_PROBLEM_. The line containing "Otroški škornji Jolly Print Orange/Multi" and every line after it, through the end of the records below, are to be reproduced exactly, with the pictures left out.

───── DATA FOR REVIEW

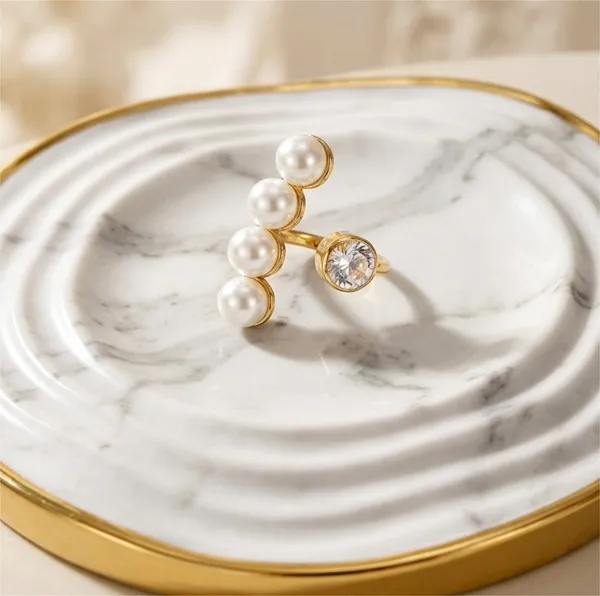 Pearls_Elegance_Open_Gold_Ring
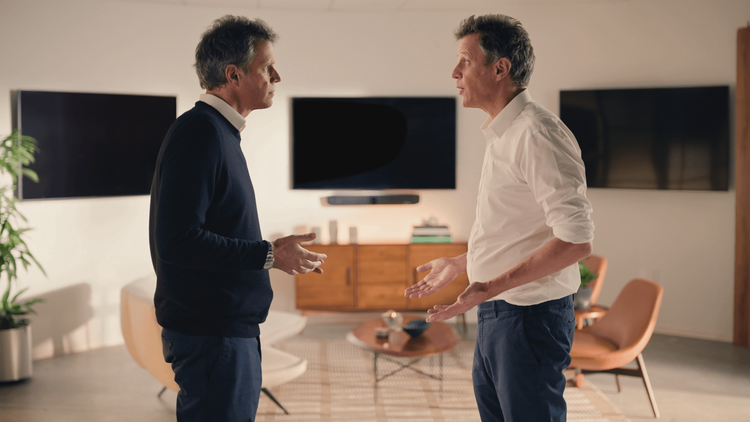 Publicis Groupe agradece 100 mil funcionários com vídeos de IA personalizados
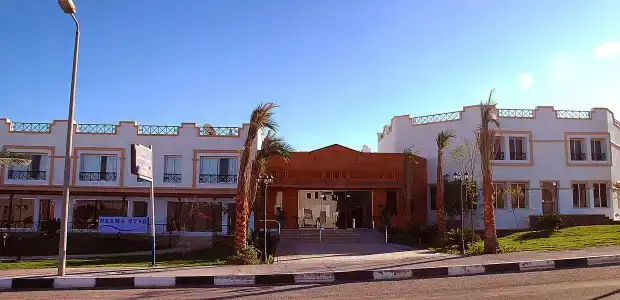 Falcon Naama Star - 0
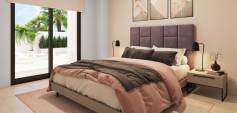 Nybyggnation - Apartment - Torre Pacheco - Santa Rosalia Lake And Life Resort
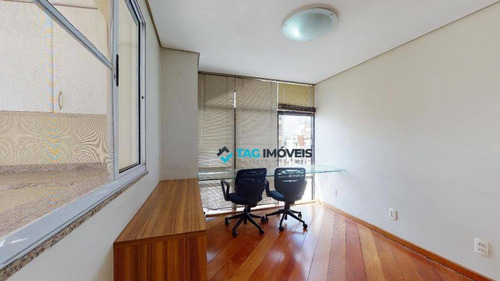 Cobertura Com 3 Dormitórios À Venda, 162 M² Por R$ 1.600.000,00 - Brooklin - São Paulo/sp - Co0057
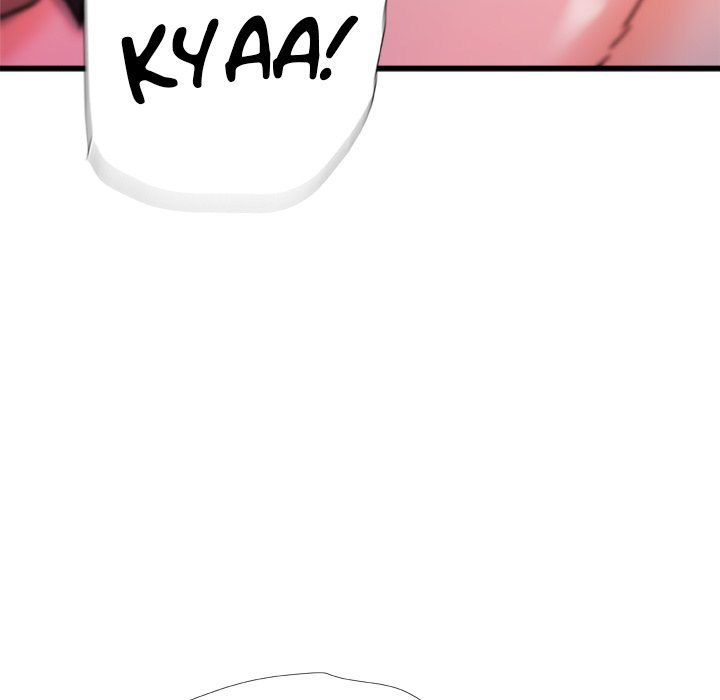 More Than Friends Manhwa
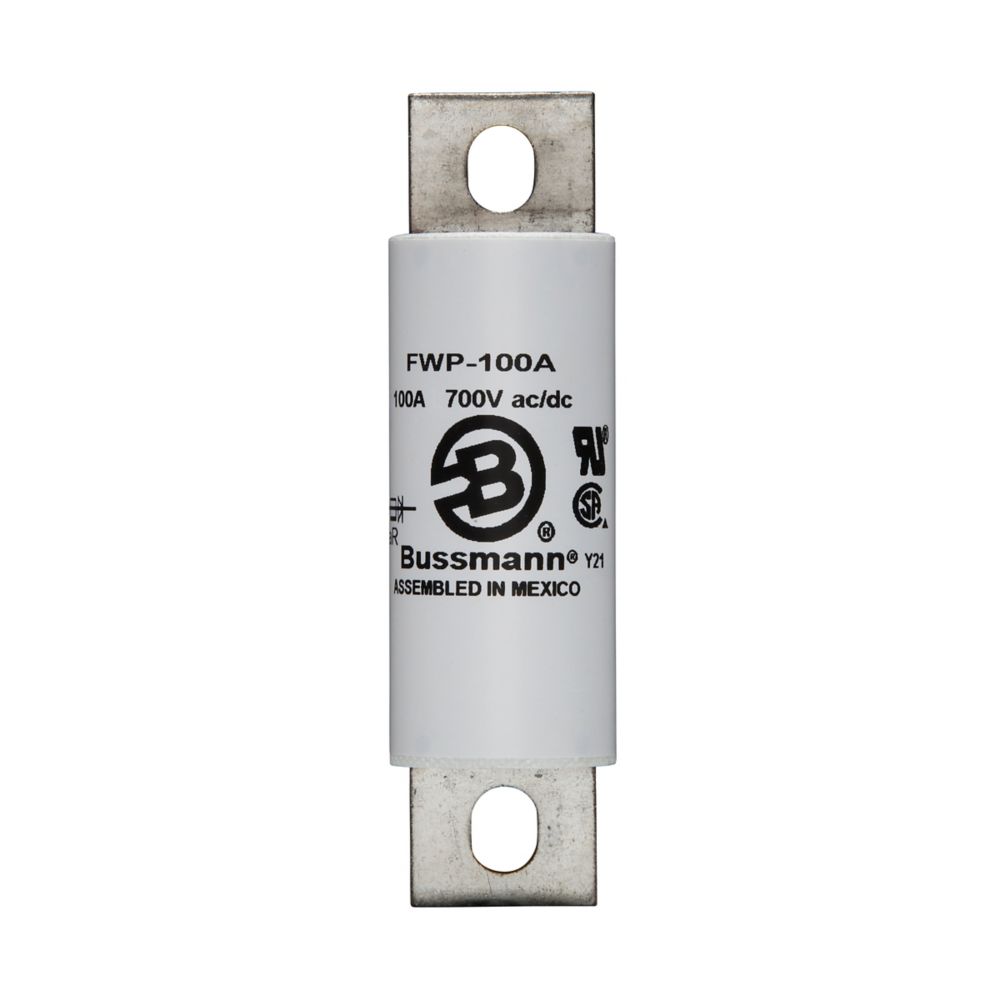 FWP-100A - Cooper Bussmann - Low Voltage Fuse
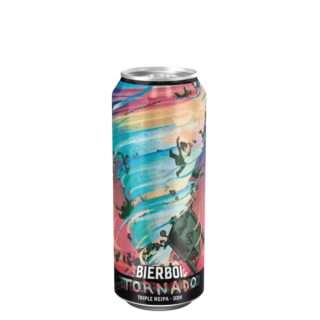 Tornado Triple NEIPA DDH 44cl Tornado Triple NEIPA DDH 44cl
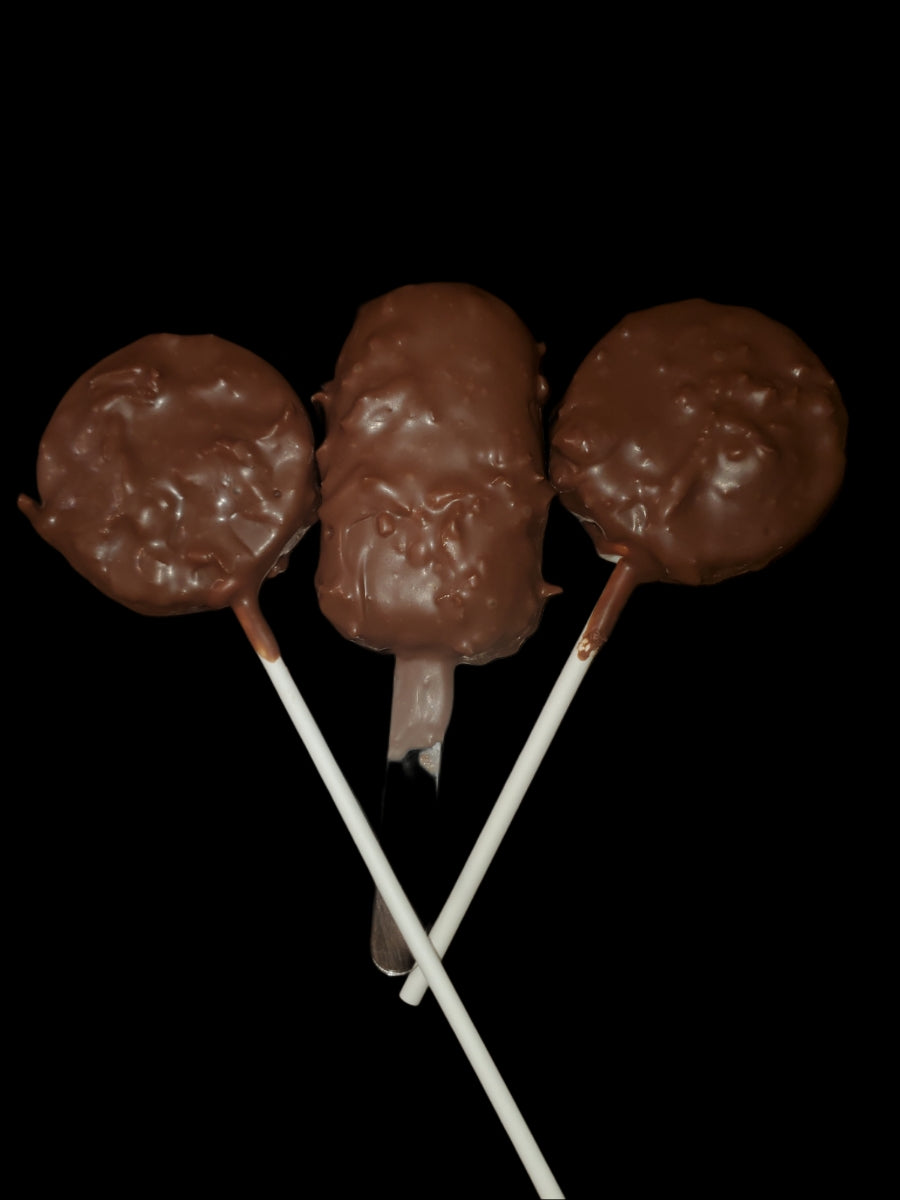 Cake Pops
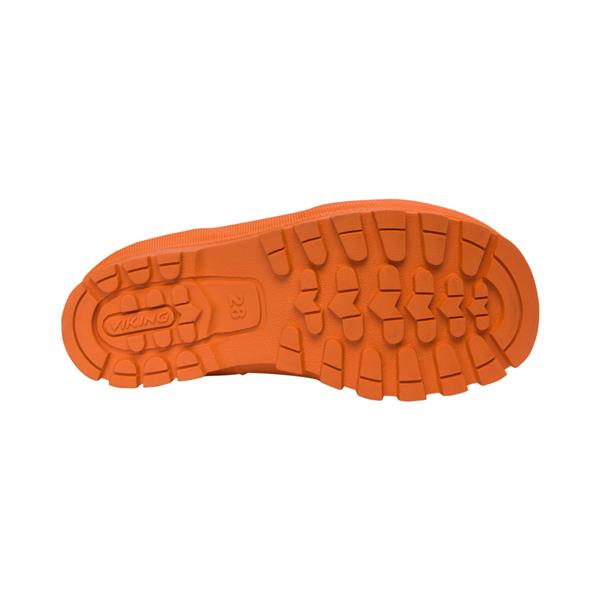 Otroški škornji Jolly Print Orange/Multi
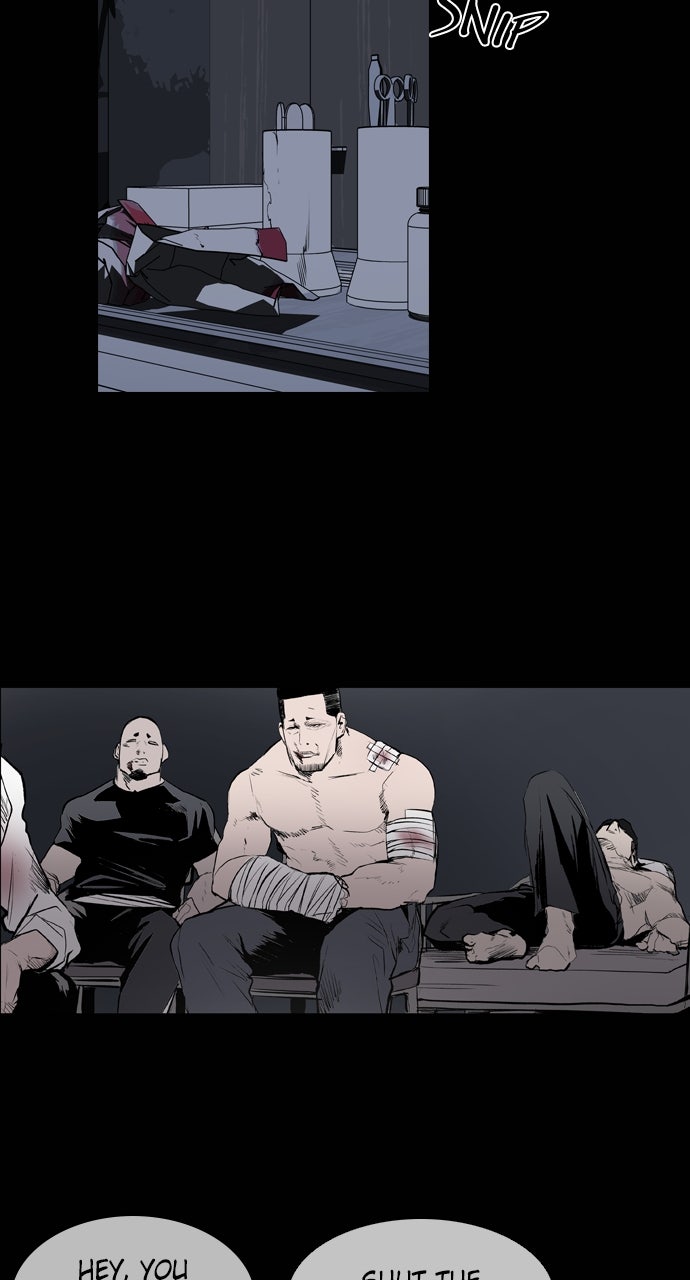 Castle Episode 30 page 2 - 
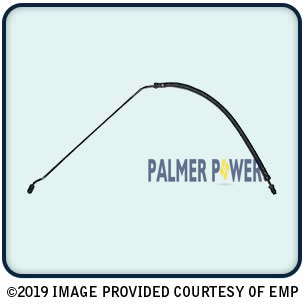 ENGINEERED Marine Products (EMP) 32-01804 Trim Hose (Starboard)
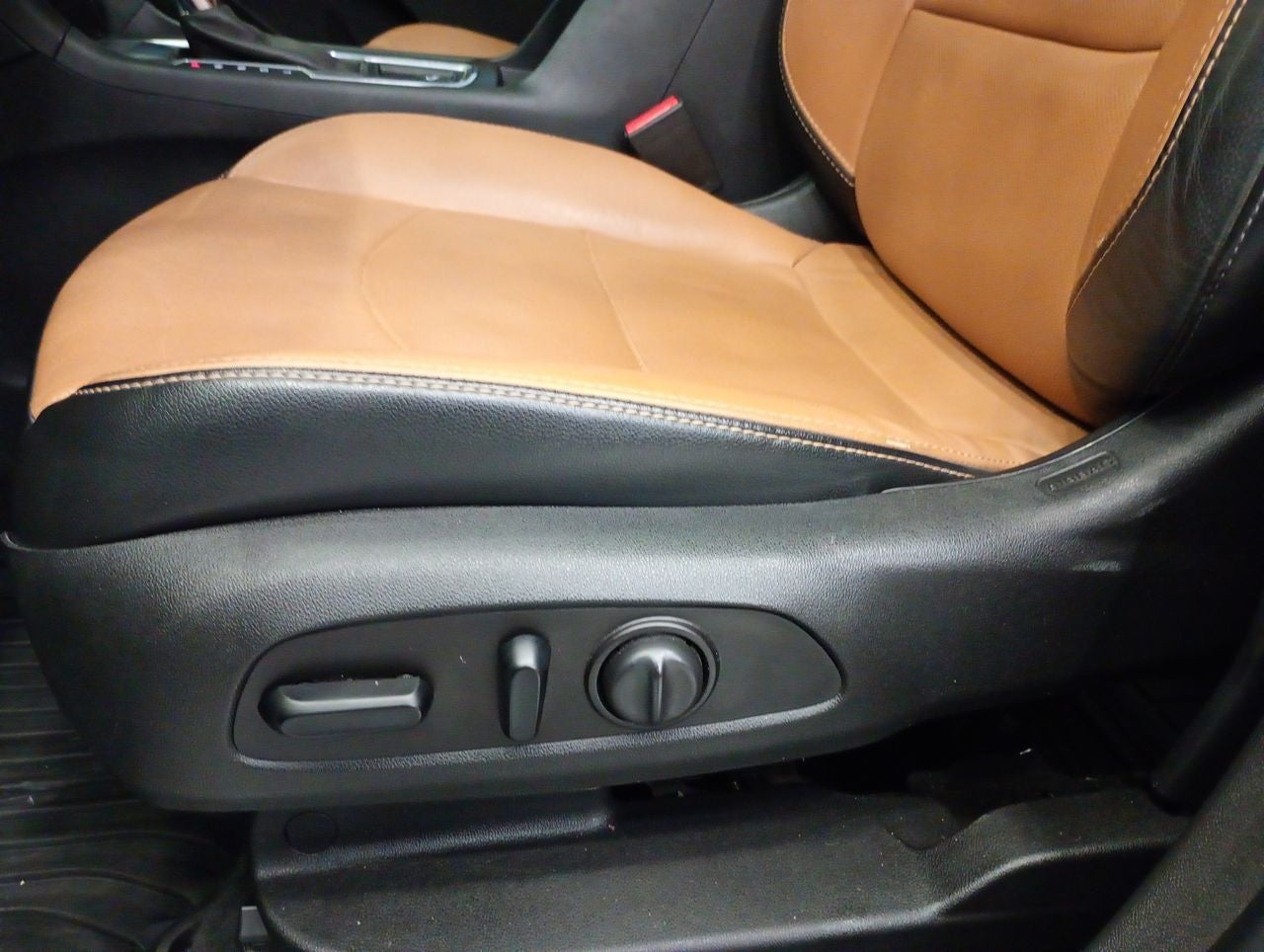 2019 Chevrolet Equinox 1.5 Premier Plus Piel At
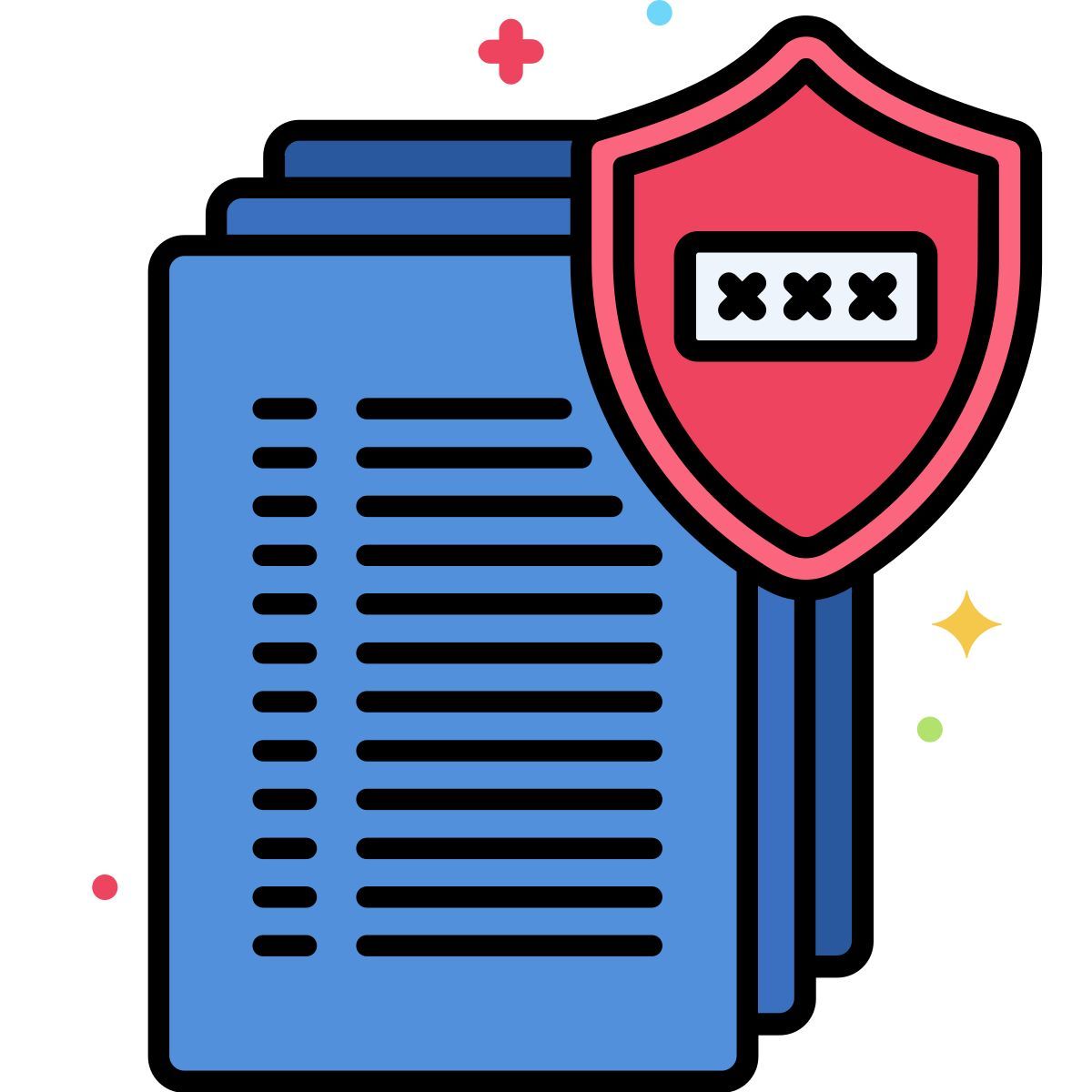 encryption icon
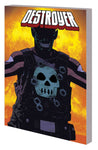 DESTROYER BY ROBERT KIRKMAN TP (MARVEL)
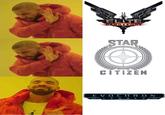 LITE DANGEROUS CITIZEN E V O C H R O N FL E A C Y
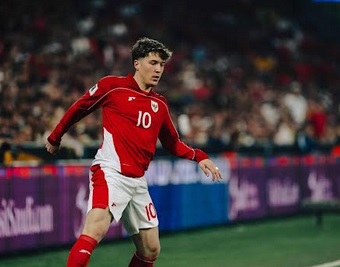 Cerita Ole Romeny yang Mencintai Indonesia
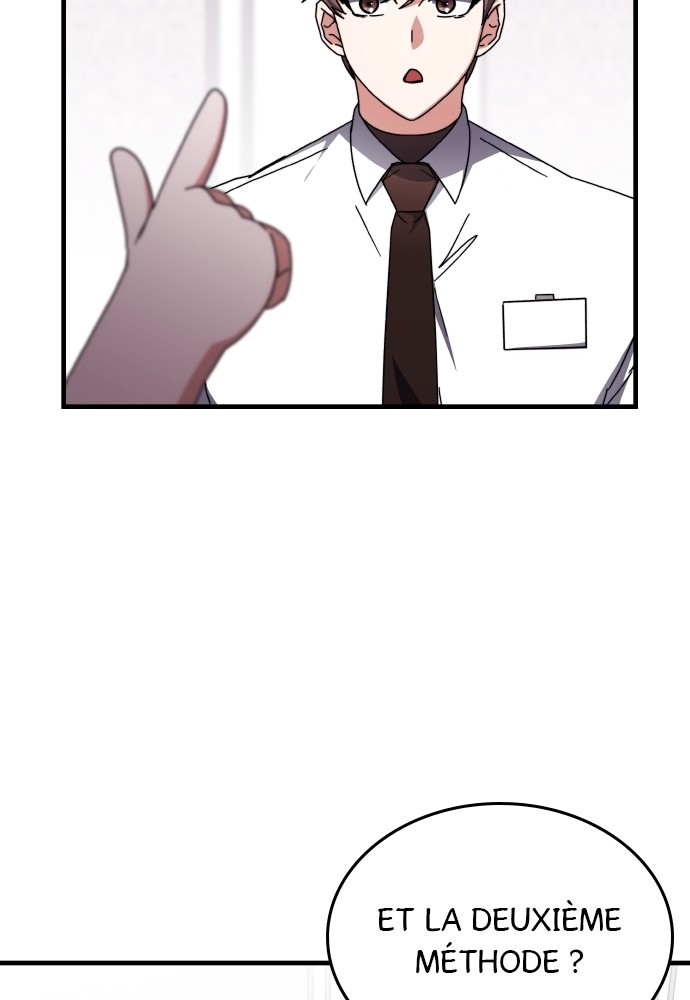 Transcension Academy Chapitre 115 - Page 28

──────────

_SOLUTION FOR THIS EXERCISE_.
 Otroški škornji Jolly Print Orange/Multi
 Castle Episode 30 page 2 - 
 ENGINEERED Marine Products (EMP) 32-01804 Trim Hose (Starboard)
 2019 Chevrolet Equinox 1.5 Premier Plus Piel At
 encryption icon
 DESTROYER BY ROBERT KIRKMAN TP (MARVEL)
 LITE DANGEROUS CITIZEN E V O C H R O N FL E A C Y
 Cerita Ole Romeny yang Mencintai Indonesia
 Transcension Academy Chapitre 115 - Page 28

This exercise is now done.